Australia to target multinational tax avoidance, impose of GST on offshore digital suppliers

The Australian government on May 11 announced plans to beef up antiavoidance rules to tax multinational profits diverted from Australia and to propose laws to ensure that offshore suppliers of digital products and services pay goods and services tax (GST).

The proposals will be unveiled in the government’s budget tomorrow, Treasurer Joe Hockey said.

Antiavoidance rules, which would go into effect January 1, 2016, will address contrived arrangements such as the “double Irish Dutch sandwich,” Hockey said. He said that the Australian Tax Office studied the activities of 30 large multinationals before coming up with the plan.

The law would apply to foreign multinational suppliers of goods and services to Australia that have global revenue of over $1 billion where revenue from Australian sales is booked offshore and Australian customers deal mainly with Australian employees.

If revenue from the sales is channeled to a tax haven and the principal purpose of the scheme is to avoid taxable presence in Australia, the scheme will be caught by the new rules.

The draft amendments give the Tax Commissioner power to recover unpaid income taxes on the profit and to withhold tax on royalty and interest. A penalty of an additional 100 percent of unpaid taxes plus interest would be imposed.

“Part IVA [of the Income Tax Assessment Act] at the moment almost deals exclusively, arguably, only with Australian interests.
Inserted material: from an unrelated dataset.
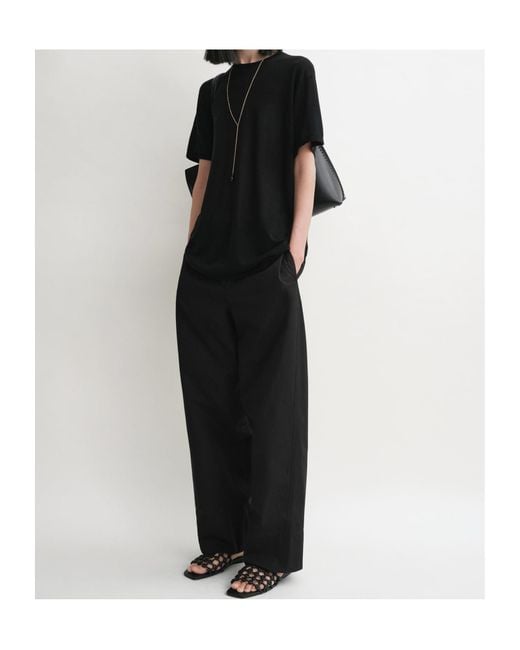 Totême Black Totême Twisted-Seam Straight Leg Trousers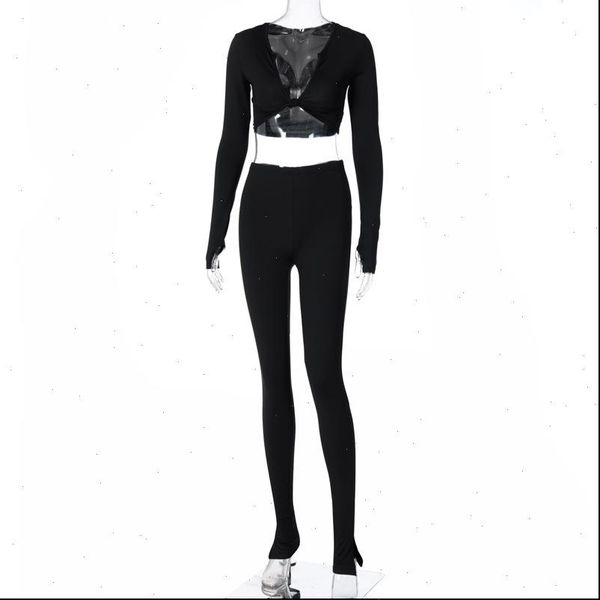 

womens tracksuits sporty casual solid fitness women two piece sets long sleeve v neck workout wrapped tracksuit crop and, Gray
What we’re doing is saying even if they comply with the laws of other jurisdictions, if there is an element that relates to behavior in Australia, then that gives us the power to go in [to] properly discern what the proper taxable profit should be in Australia,” Hockey told reporters in Canberra.

Hockey also said  that other goverments, including China, who are considering adopitng similar measures.

GST on offshore suppliers

The amendments to the GST would impose the tax on items such as movie downloads, games, and ebooks from overseas.

“It is plainly unfair that a supplier of digital products in Australia has to charge GST and an off-shore supplier does not,” Hockey said.

Revenue from the measure is expected to be $350 million over he next four years.